Understand the Query Execution Plan

zhouqiang-cl
yikeke
TomShawn

Based on the details of your tables, the TiDB optimizer chooses the most efficient query execution plan, which consists of a series of operators. This document details the execution plan information returned by the EXPLAIN statement in TiDB.

Optimize SQL statements using EXPLAIN

The result of the EXPLAIN statement provides information about how TiDB executes SQL queries:

  • EXPLAIN works together with SELECT, DELETE, INSERT, REPLACE, and UPDATE.
  • When you run the EXPLAIN statement, TiDB returns the final physical execution plan which is optimized by the SQL statement of EXPLAIN. In other words, EXPLAIN displays the complete information about how TiDB executes the SQL statement, such as in which order, how tables are joined, and what the expression tree looks like. For more information, see EXPLAIN output format.
  • TiDB also supports EXPLAIN [options] FOR CONNECTION connection_id, but with minor differences from MySQL. See EXPLAIN FOR CONNECTION.

The results of EXPLAIN shed light on how to index the data tables so that the execution plan can use the index to speed up the execution of SQL statements. You can also use EXPLAIN to check if the optimizer chooses the optimal order to join tables.

EXPLAIN output format

Currently, the EXPLAIN statement returns the following four columns: id, count, task, operator info. Each operator in the execution plan is described by the four properties. In the results returned by EXPLAIN, each row describes an operator. See the following table for details:

Property NameDescription
idThe id of an operator, to identify the uniqueness of an operator in the entire execution plan. As of TiDB 2.1, the id includes formatting to show a tree structure of operators.
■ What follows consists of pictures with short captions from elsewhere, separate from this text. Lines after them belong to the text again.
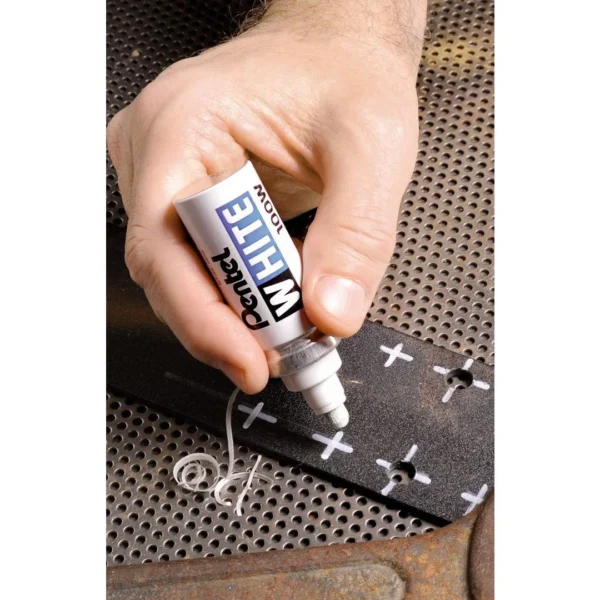 Paintmarker PENTEL X100W b hvit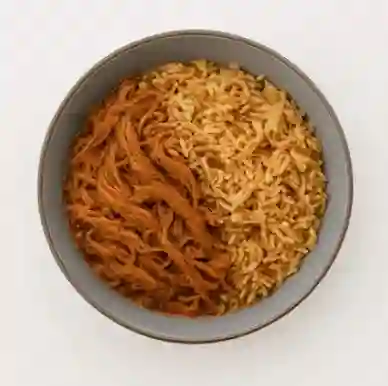 Platos Individuales Nivel Dios, Carne Mechada Con Arroz Arabe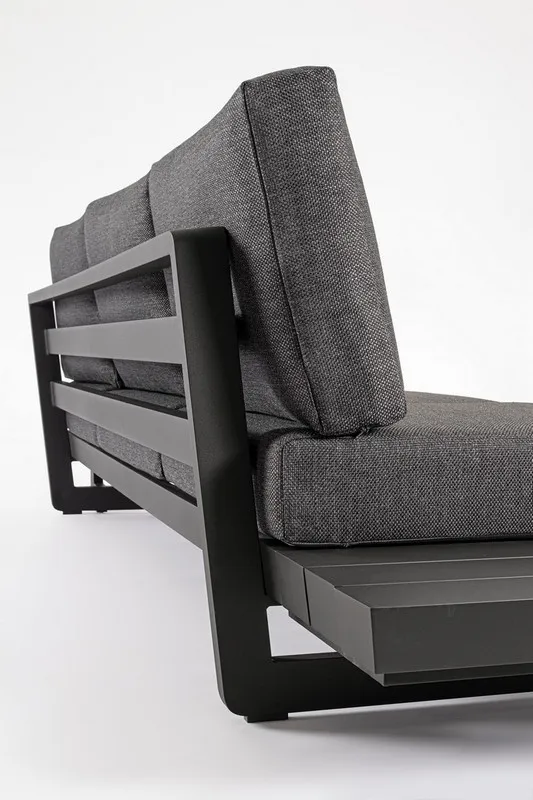 Sofa ogrodowa INFINITY - grafitowy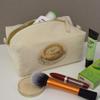 Azeeda 'Sourdough Bread Bowl Filled with Creamy Soup' Canvas Wash Bag/Makeup Case (CS00043461) view 2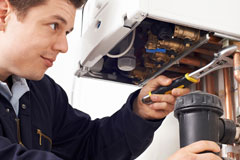 only use certified Mackside heating engineers for repair work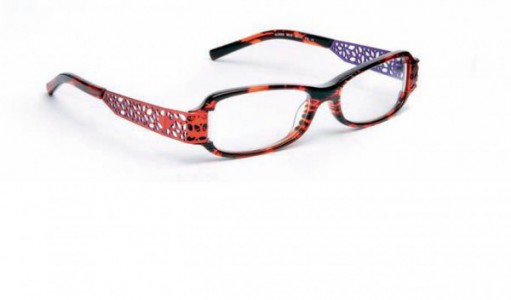 J.F. Rey GLADIS Eyeglasses, Orange - Purple (6070)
The data flows from a child to its parent, and each operator has one and only one parent.
countAn estimation of the number of data items that the current operator outputs, based on the statistics and the execution logic of the operator
taskthe task that the current operator belongs to. The current execution plan contains two types of tasks: 1) the root task that runs on the TiDB server; 2) the cop task that runs concurrently on the TiKV server. The topological relations of the current execution plan in the task level is that a root task can be followed by many cop tasks. The root task uses the output of cop task as the input. The cop task executes the tasks that TiDB pushes to TiKV. Each cop task scatters in the TiKV cluster and is executed by multiple processes.
operator infoThe details about each operator. The information of each operator differs from others, see Operator Info.

Example usage

Using the bikeshare example database:

mysql> EXPLAIN SELECT count(*) FROM trips WHERE start_date BETWEEN '2017-07-01 00:00:00' AND '2017-07-01 23:59:59'; +--------------------------+-------------+------+------------------------------------------------------------------------------------------------------------------------+ | id | count | task | operator info | +--------------------------+-------------+------+------------------------------------------------------------------------------------------------------------------------+ | StreamAgg_20 | 1.00 | root | funcs:count(col_0) | | └─TableReader_21 | 1.00 | root | data:StreamAgg_9 | | └─StreamAgg_9 | 1.00 | cop | funcs:count(1) | | └─Selection_19 | 8166.73 | cop | ge(bikeshare.trips.start_date, 2017-07-01 00:00:00.000000), le(bikeshare.trips.start_date, 2017-07-01 23:59:59.000000) | | └─TableScan_18 | 19117643.00 | cop | table:trips, range:[-inf,+inf], keep order:false | +--------------------------+-------------+------+------------------------------------------------------------------------------------------------------------------------+ 5 rows in set (0.00 sec)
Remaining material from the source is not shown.